We are a busy bunch here in the Columbia Gorge. We have children to raise, parents to tend to, nature to enjoy, friends to see, life to live. Keeping ourselves healthy sometimes takes a back burner, and aren’t we lucky when it can!
Pippa Newell
Why then should we schedule mammograms?
The reasons are: Breast cancer is quite common; breast cancer is curable, especially if it’s caught early; and mammograms can detect breast cancers at an early stage.
Let’s start with the sobering facts about breast cancer. One out of eight women will be diagnosed with breast cancer at some point in their lives. It is the second leading cause of cancer-related death in American women.
Some good news: Most women who get diagnosed with breast cancer can be cured with a combination of surgery and some mix of radiation, chemotherapy, and hormone based therapy. By cure I mean, live their normal life spans. The percentage of patients who live long lives after being diagnosed with breast cancer grows every decade thanks to earlier detection and more effective treatments. For example, researchers at Providence Cancer Center and around the globe are currently enrolling patients with breast cancer to trials studying the efficacy of immune therapy. This combination of therapies has been successful: In 1975, only about 75% patients survived 5 years after a diagnosis of breast cancer; in 2010, over 90% survived 5 years or more.
The recommended screening test is the mammogram. This is a radiology test in which the breasts are fit snugly into a machine that images the entire breast. If the screening test is suspicious, the patient will be asked to return for a more zoomed in view. Based on these tests, a radiologist may recommend a needle biopsy. If the biopsy shows suspicious cells or cancer, the patient is sent to a surgeon to talk about removing the mass and sampling the lymph nodes in the axilla, because those nodes are the first place cancer cells would be detected if they had started to spread. This information is important because it impacts prognosis and subsequent treatments.

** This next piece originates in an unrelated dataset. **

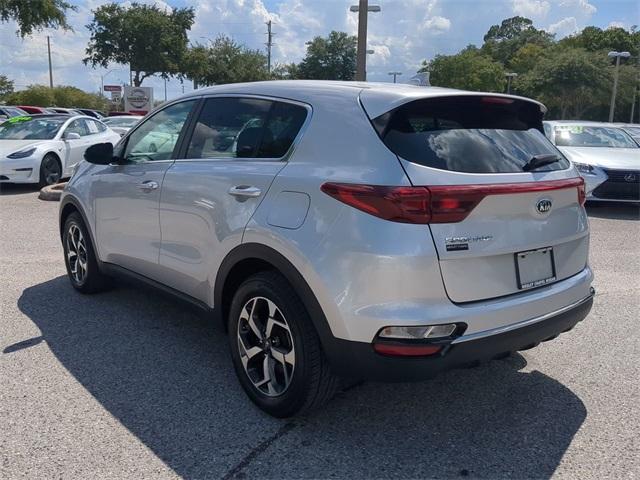 used 2020 Kia Sportage car, priced at $17,557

There is not a consensus on when a woman should start having screening mammograms, and how often she should have them. Why not? Because there are some risks of mammogram, including radiation exposure, cost, anxiety, and false positive findings resulting in unneeded procedures. The benefit of decreased risk of dying from breast cancer needs to be weighed against these risks, and these risk vary patient to patient. There are a number of validated breast cancer risk assessment tools available. Sometimes, patients have genetic risk factors such as a family history of breast cancer or BRCA mutation. Some risks can be modified, such as smoking, alcohol, and body mass index. Other risk factors have to do with exposure to estrogen over a patient’s lifetime. Patients with a greater than 20% lifetime risk are considered high risk, and may opt for more intensive screening that includes alternating contrast enhanced breast MRI with mammogram every 6 months.

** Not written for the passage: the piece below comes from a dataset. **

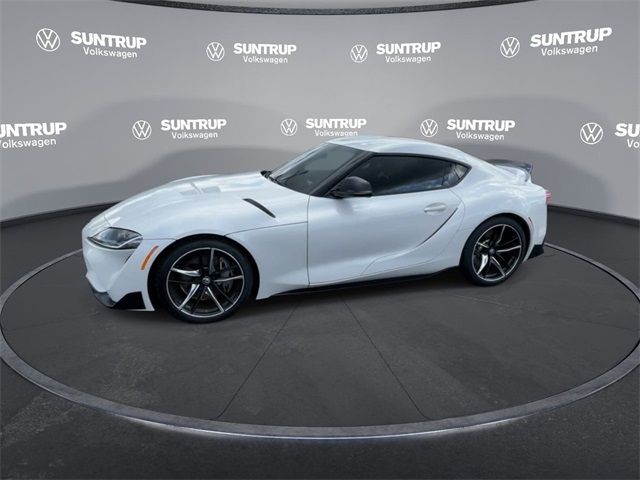 2021 Toyota GR Supra 3.0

For woman at “average risk,” the U.S. Preventative Task Force recommends mammograms once every two years for women aged 50-75. On the other end of the spectrum, the National Comprehensive Cancer Network recommends annual mammograms starting at age 40 until the patient’s other medical conditions limit life expectancy to 10 years or less. Most of the organizations, USPTF included, recommend that starting at age 40, all women be counseled about the risks and benefits of mammography, and be allowed to decide themselves about timing of initial mammogram and frequency of mammograms. To summarize, it seems reasonable that women aged 40-50 should choose how often/how early to be screened based on known risk factors, with the understanding that all women should start getting mammograms at least every 1-2 years starting at age 50.

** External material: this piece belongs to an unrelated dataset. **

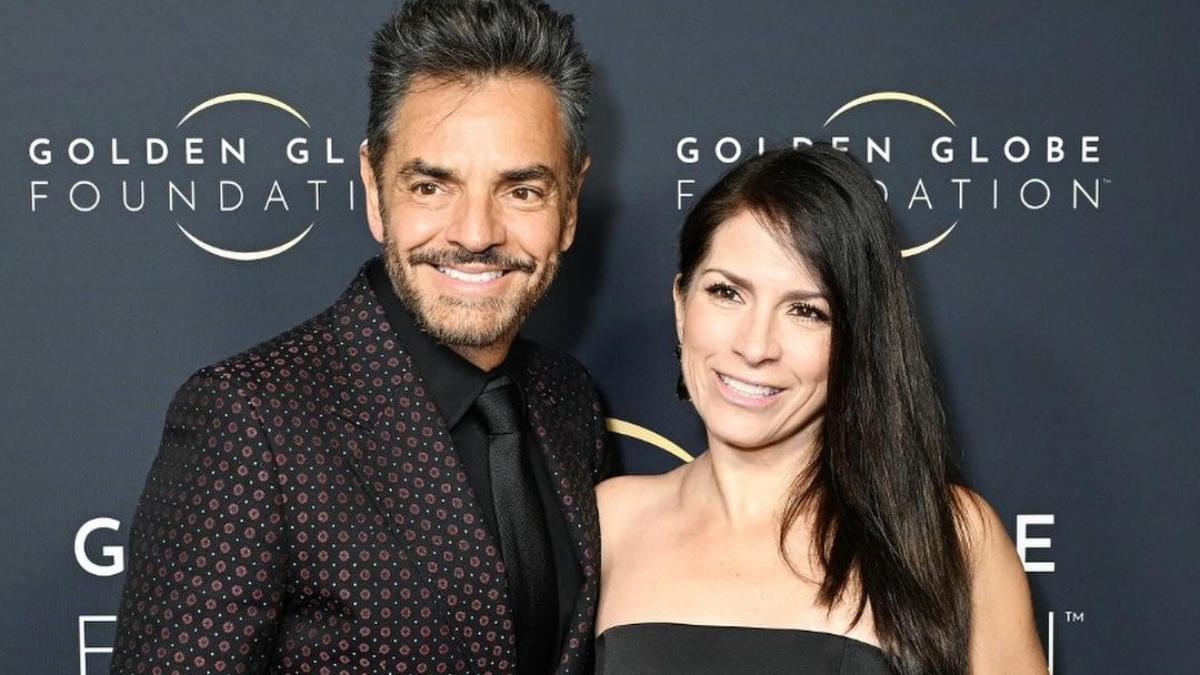 Así fue como Alessandra Rosaldo se enamoró de Eugenio Derbez: 'Lo vi guapísimo' | VIDEO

Dr. Newell attended University of Arizona for medical school, followed by a general surgery residency at Mount Sinai Hospital in New York, N.Y. In 2010, she moved to Portland to begin a Hepatobiliary and Pancreatic Surgery Fellowship at Providence Portland Medical Center. In 2012, Dr. Newell was hired as a liver/pancreas surgical specialist at the Oregon Clinic, where she worked for eight years. She then became the Medical Director of the Liver Cancer Program at Providence Cancer Institute and is now part of the general surgery team at Providence Hood River Memorial Hospital. When she’s not working, Dr. Newell enjoys exploring the outdoors around Hood River with her two boys, Rocky and Bode.